▶ **TASK OBJECTIVE**
This calls for a word-for-word copy of all the data, with each picture removed.

━━ RAW DATA

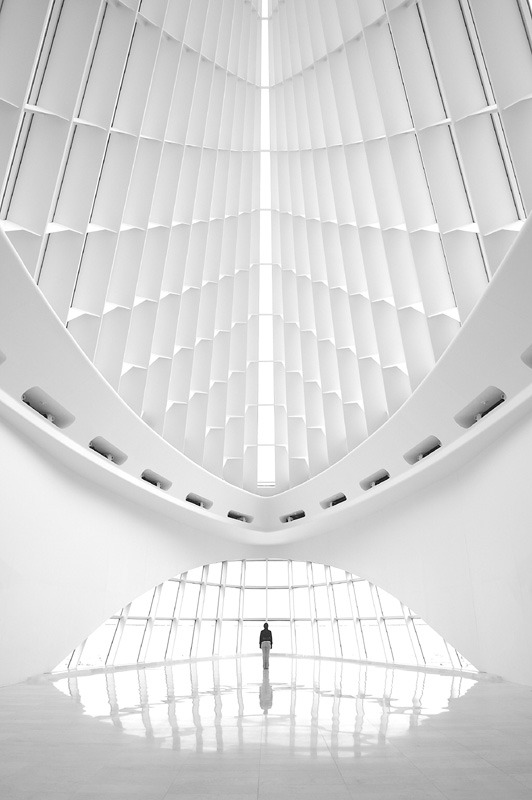 fiore-rosso:  santiago calatrava | the  fine arts museum [milwaukee. wisconsin].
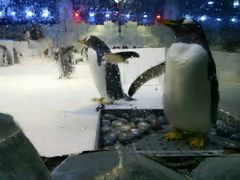 -芜湖新华联大白鲸海洋公园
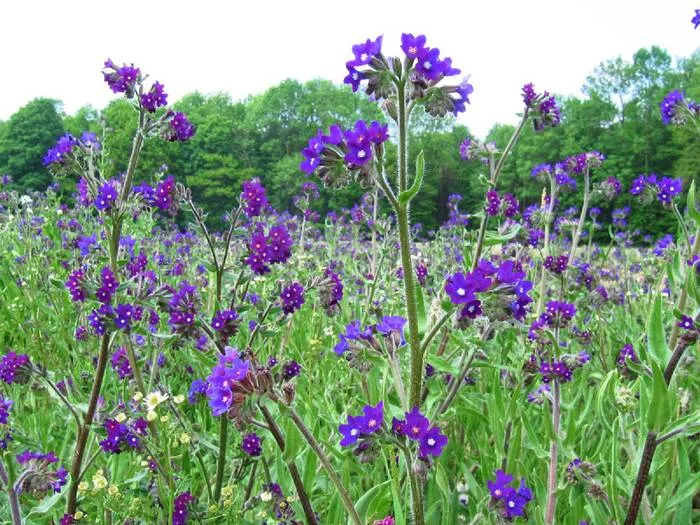 Ochsenzunge (Anchusa officinalis)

━━━━

▶ **SOLUTION TO THIS EXERCISE**
 fiore-rosso:  santiago calatrava | the  fine arts museum [milwaukee. wisconsin].
 -芜湖新华联大白鲸海洋公园
 Ochsenzunge (Anchusa officinalis)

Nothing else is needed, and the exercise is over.